With winter on the doorstep, all of us fishermen have a decision.  To put up the rod until spring or to battle the elements of cold, ice and snow...  I made the decision last year to ski in the morning and fish in the afternoon.  And it worked out great!  But, this year, I want to add a new dimension to my winter fun.  Ice Fishing!  That's right.  And to learn from one of the best on the summer stillwater and the winter ice... Craig Peacock.  This fisherman is from my hometown, Salt Lake City, and helped me find my first tiger trout last year.  And this winter...yes...it is "Ice Ice Baby"!

Thanks, Craig, for giving us a few tips today on ice fishing and keeping those fishing rods out during the winter months!

By Craig Peacock

I am honored to be a guest blogger for the week.  I hope for a speedy recovery for the patient and the return of the River Damsel in the very near future!

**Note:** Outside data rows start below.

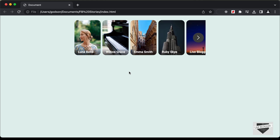Hi everybody, welcome to Live Blogger. In this video, we will start designing a stories design just like you see in the Facebook website. First of all, let me show you a demo.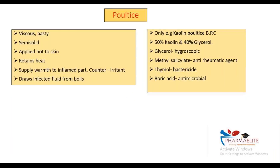Going to the last part — poultices. After poultices we have our paste. Kaolin poultice is an example of poultices. They are pasty, semisolid, and are applied hot to the skin — applied in a heated manner, and they retain heat as well. They supply heat to the inflamed part. Poultices apply heat at that particular place and act as a counter-irritant. They also draw infected fluid from boils — if there are any boils, the poultice is going to draw the fluid from there. At the same time, it can apply heat over there.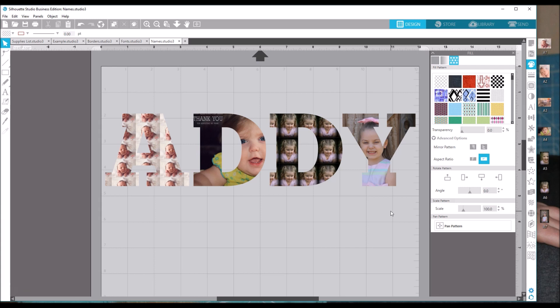That is how you put images inside of letters — the hardest part is choosing the font and the images. I hope you've enjoyed this tutorial and that this gives you another item to add to your business or your DIY gift list for family and friends. If you have any comments, questions, or concerns, feel free to leave a comment below, contact me on Facebook in my group Our Crafty Chaotic Life, or email me at ourcraftychaoticlife@gmail.com. Please share, like, comment, and subscribe, and until next time, happy crafting!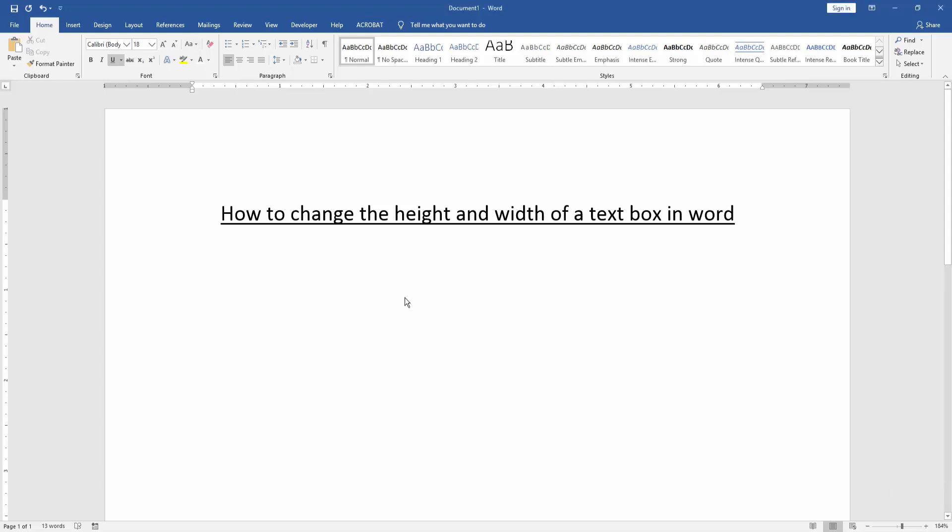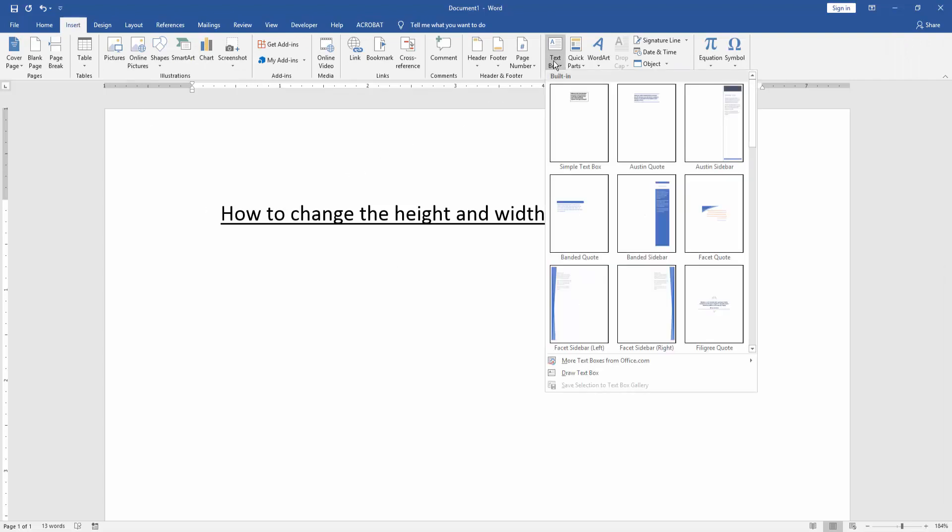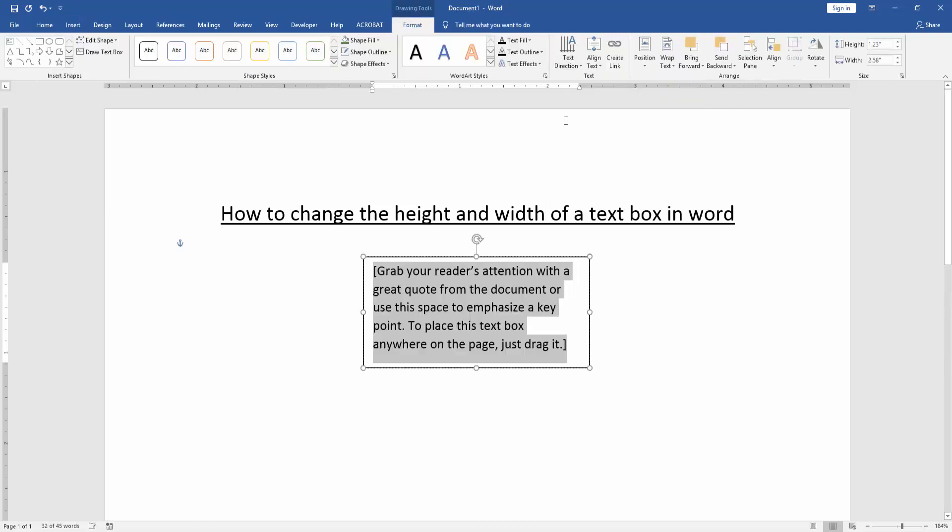First, we have to open a Word document. Then we go to the insert menu and click the text box option and choose a text box on this drop down menu. Now we can see here we insert a text box on our document.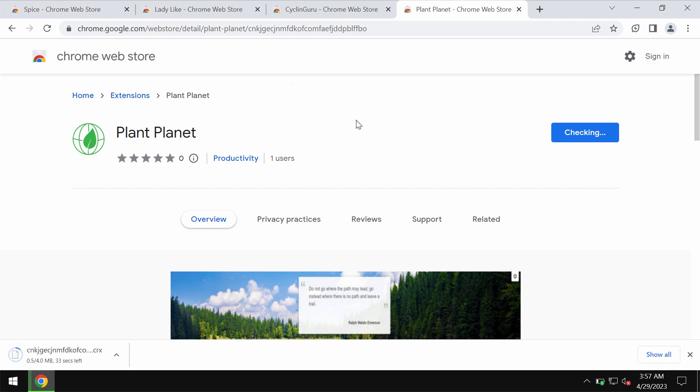In particular, it changes the default homepage, default search engine, and the new tab.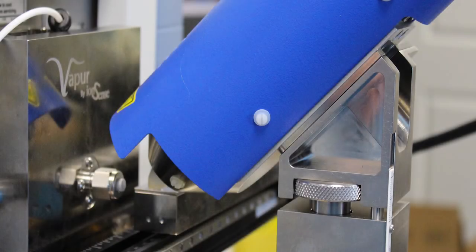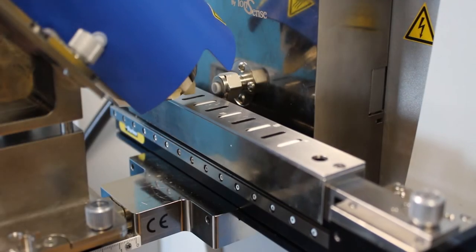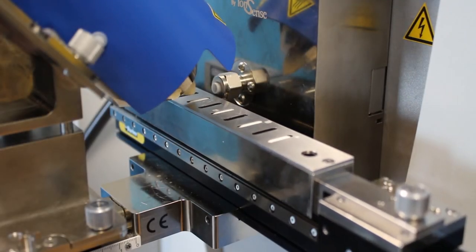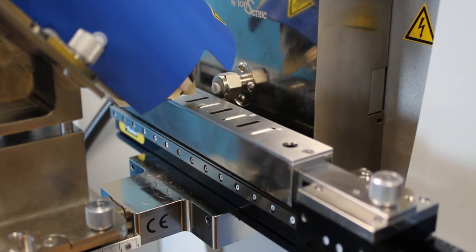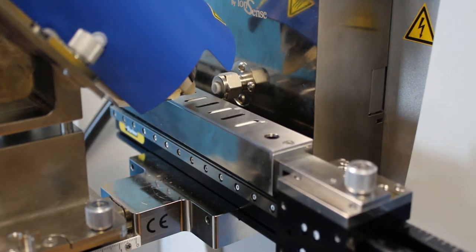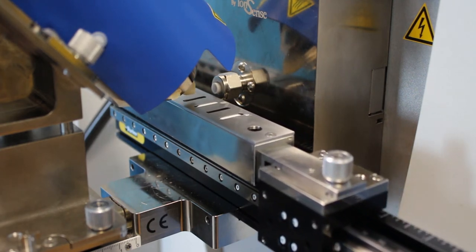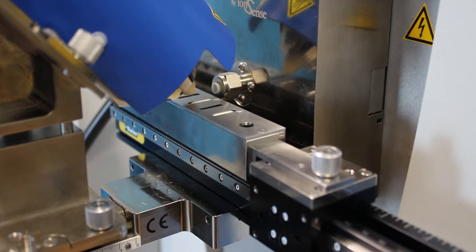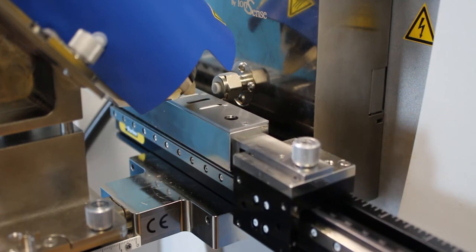For optimal results with this method of sample introduction, the DART source should be positioned at a 45 degree angle facing down towards the surface of the tablets as they pass through the DART-MS inlet, made possible using our DART-SVP 45A configuration package.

Gone are the summer days of camping. 

No more riding:

 No more BBQ:

It is time to face the reality that the float tubes and still water fishing are done for the year.   It is time for the ice to gum up the guides and the snow to stick to the boots and the bugs to get smaller and smaller.  It is everyone’s least favorite time of the year!  (Except for the River Damsel's)

No more of this...

May I offer an alternative to this cold miserable time of year?  ICE FISHING!  Granted, it is not my favorite type of fishing, but it is better than not fishing at all.  Done right with the right equipment and gear, it can actually be quite a riot!  I would suggest you need some gear to get out and enjoy it and the initial investment can be fairly cheap or super expensive depending on what your tastes are.  You can go as cheap as a used hand auger and ice fishing rod a few jigs and get a setup for under $50 and be fishing.  You also can buy an ice hut, heater, flasher, power auger, multiple rods, tons of tackle, and a snowmobile to haul it all out and invest 10K.  It is all up to you! 

This author chooses and ice hut, heater and power auger for comfort.  I am a wimp when it comes to the cold sometimes.  Being toasty and eating a nice, hot bowl of soup and catching fish at the same time... is a lot of fun.  We generally bring out the lanterns and can fish all night if we want to.  But with a heater you can fish in short sleeve shirts and be comfortable in the tent.  (I can see the River Damsel shaking her head "yes"!)


I would recommend visiting your local sporting goods store and talking to the sales staff.  You will need some basics and ice rod, strike indicator, jigs or bait, warm clothes, and something to sit on.  The best piece of advice I was given, was the strike indicators.  The bit is so light even with some really large fish that you must have this piece of equipment.  Do not wait until you can feel the strike!  When the wire indicator moves... you set that hook and hold on!!  Give it a try and you might find that ice fishing is the cure for the winter blues. 


  1. I tried ice fishing once...once! I think if I had an ice hut, thermos' full of hot stuff to drink and a heater I could do this.

  2. Oh, good...Howard. C'mon out to Utah in January and we will set up shop for ya! I've got a camera ready to roll... = ) Heehee.

  3. Have ice fished for years (in Idaho). I will say that if you get the proper equipment and spend adequate time out on the ice, you will become an addict. Not planning on any ice fishing this year (Colorado), will spend my time tying flies and getting ready for next season.